## [WORK TASK]
In full and exactly, reproduce the entries below, but omit the pictures.

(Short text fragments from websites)
_ _ _ _ _

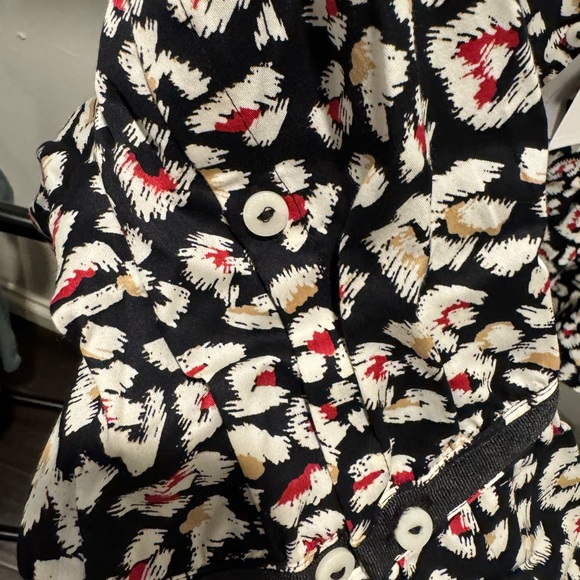 Foxcroft NYC Leopard Print Flare Sleeve Top - Picture 4 of 5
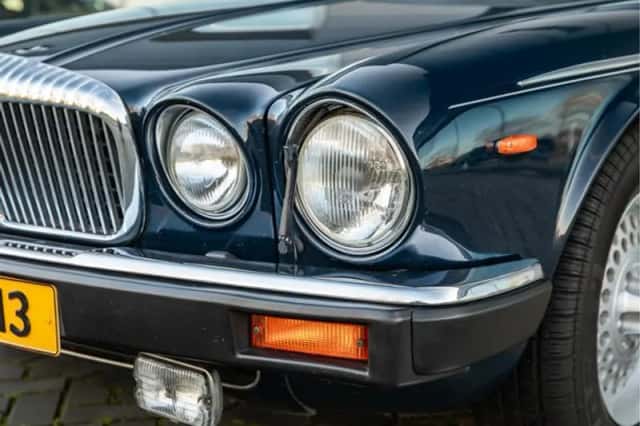Daimler Double Six (1991) thumbnail 21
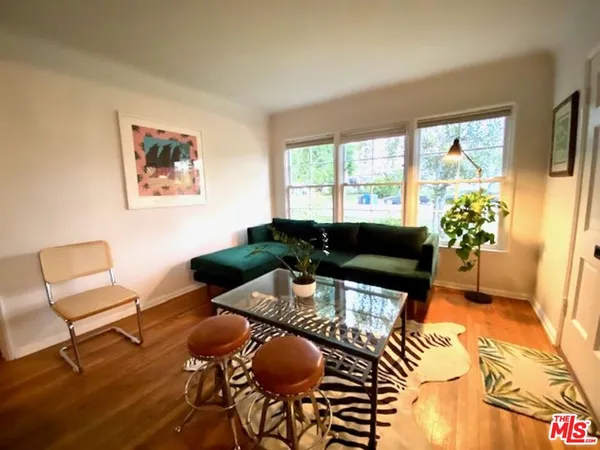 $4,700 | West 83rd Street, Los Angeles, CA 90045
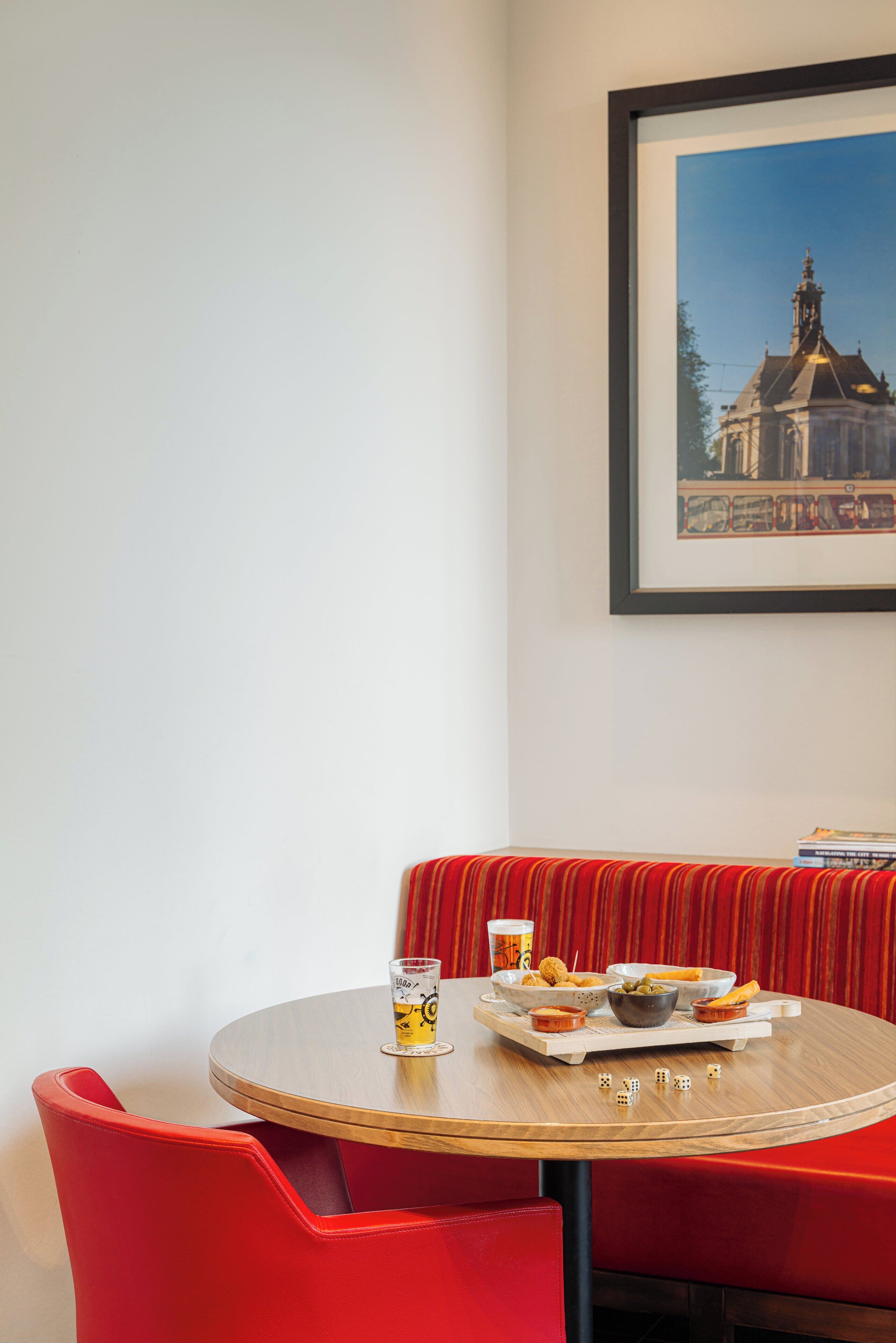 breakfast, lunch and dinner served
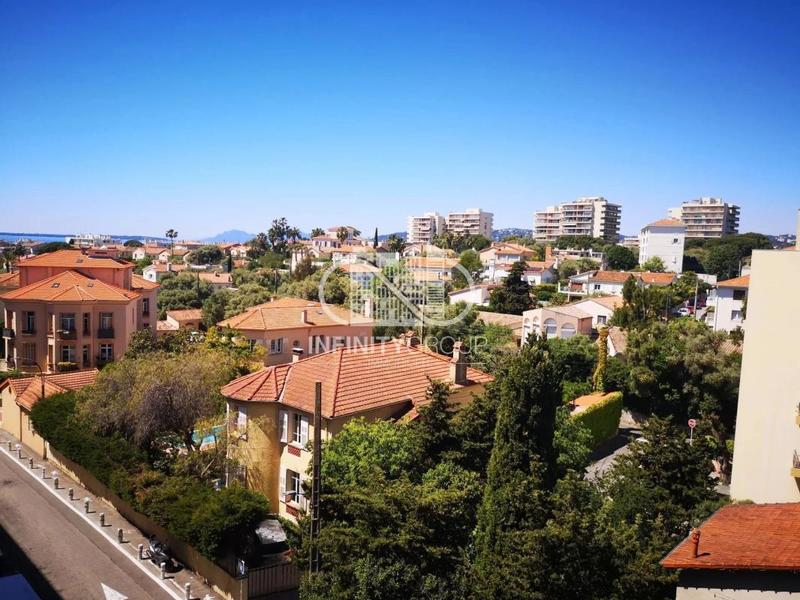 Appartement - 57 m² - 3 pièces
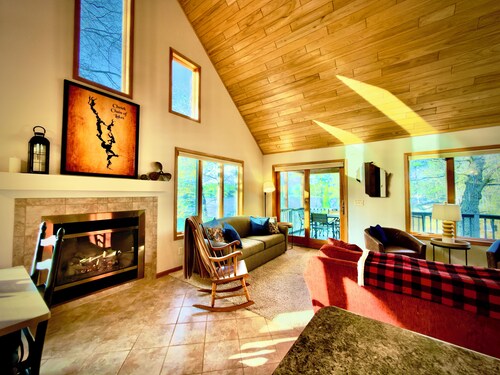 HIDDEN COVE at Prairie Lake: 3BR Waterfront Retreat on Quiet Bay on Chetek Chain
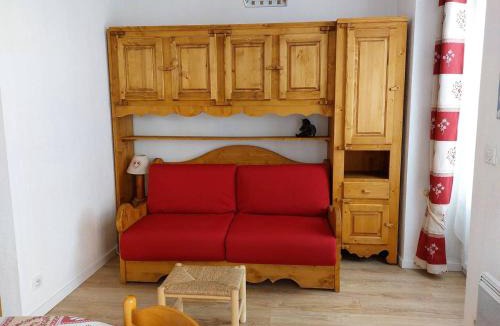 Cauterets Apartment | Charmant studio à Cauterets avec balcon et couchages pour 4 personnes - FR-1-812-62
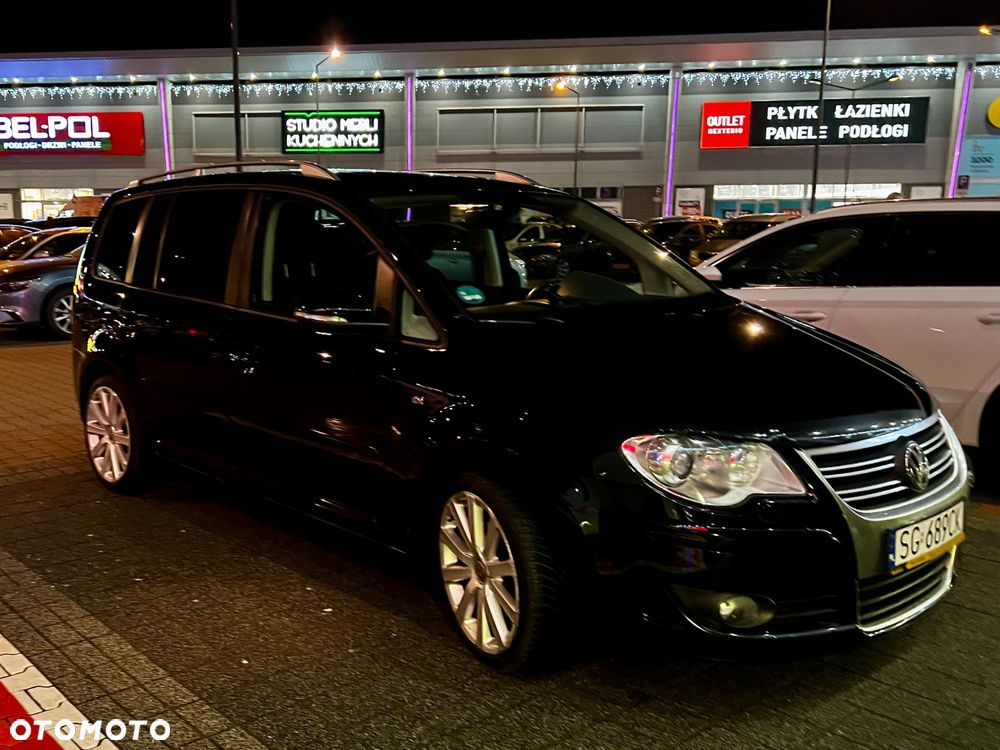 Volkswagen Touran - 2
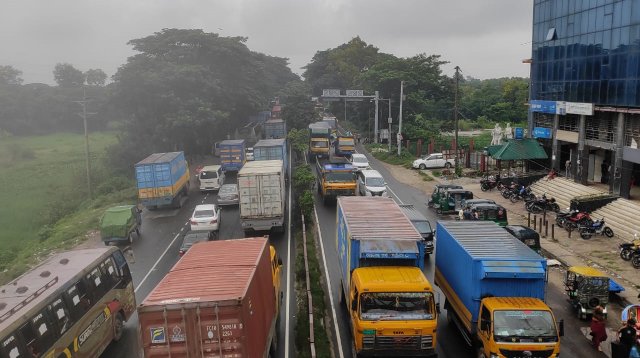 ঢাকা-চট্টগ্রাম মহাসড়কে দীর্ঘ যানজট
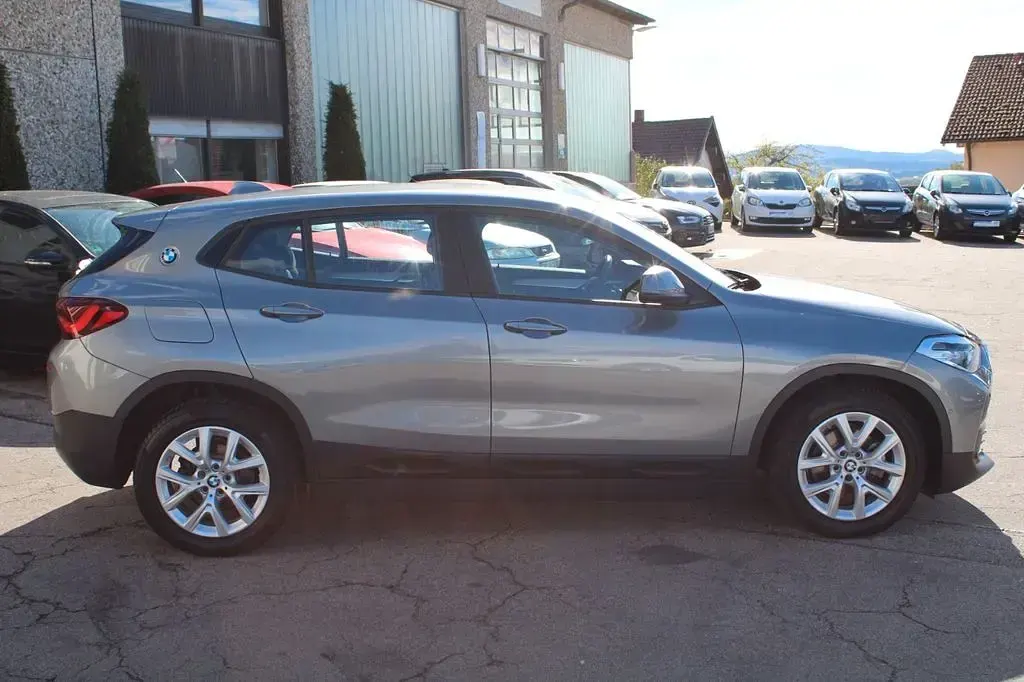 Gebraucht BMW X2 Advantage 136 PS (100 kW) 2022 Grau SUV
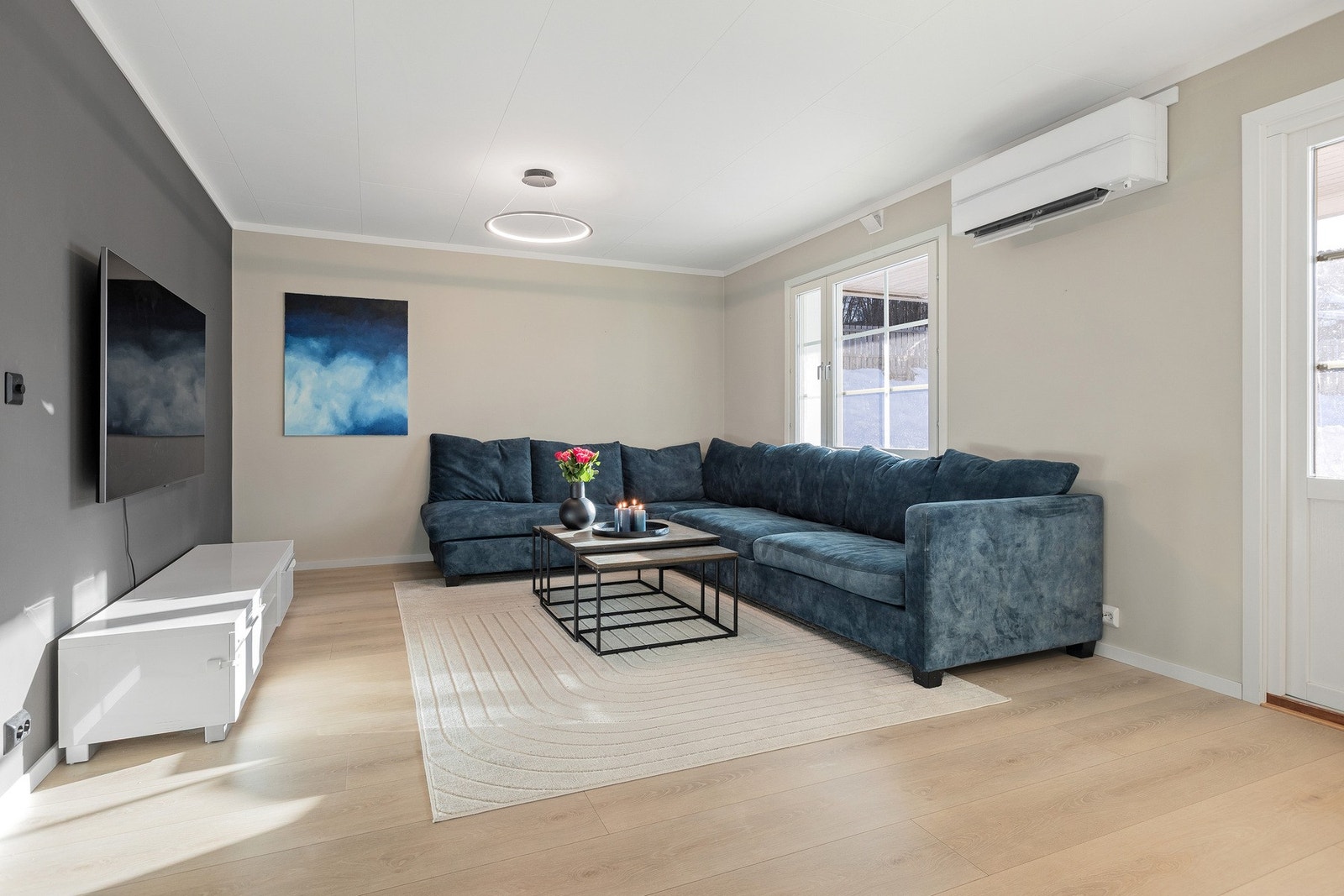 Boligen blir blant annet oppvarmet med varmepumpe i stue, samt vedfyring i peisovn. Galleribilde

_ _ _ _ _

## [ANSWER TO THIS EXERCISE]
 Foxcroft NYC Leopard Print Flare Sleeve Top - Picture 4 of 5
Daimler Double Six (1991) thumbnail 21
 $4,700 | West 83rd Street, Los Angeles, CA 90045
 breakfast, lunch and dinner served
 Appartement - 57 m² - 3 pièces
 HIDDEN COVE at Prairie Lake: 3BR Waterfront Retreat on Quiet Bay on Chetek Chain
 Cauterets Apartment | Charmant studio à Cauterets avec balcon et couchages pour 4 personnes - FR-1-812-62
 Volkswagen Touran - 2
 ঢাকা-চট্টগ্রাম মহাসড়কে দীর্ঘ যানজট
 Gebraucht BMW X2 Advantage 136 PS (100 kW) 2022 Grau SUV
 Boligen blir blant annet oppvarmet med varmepumpe i stue, samt vedfyring i peisovn. Galleribilde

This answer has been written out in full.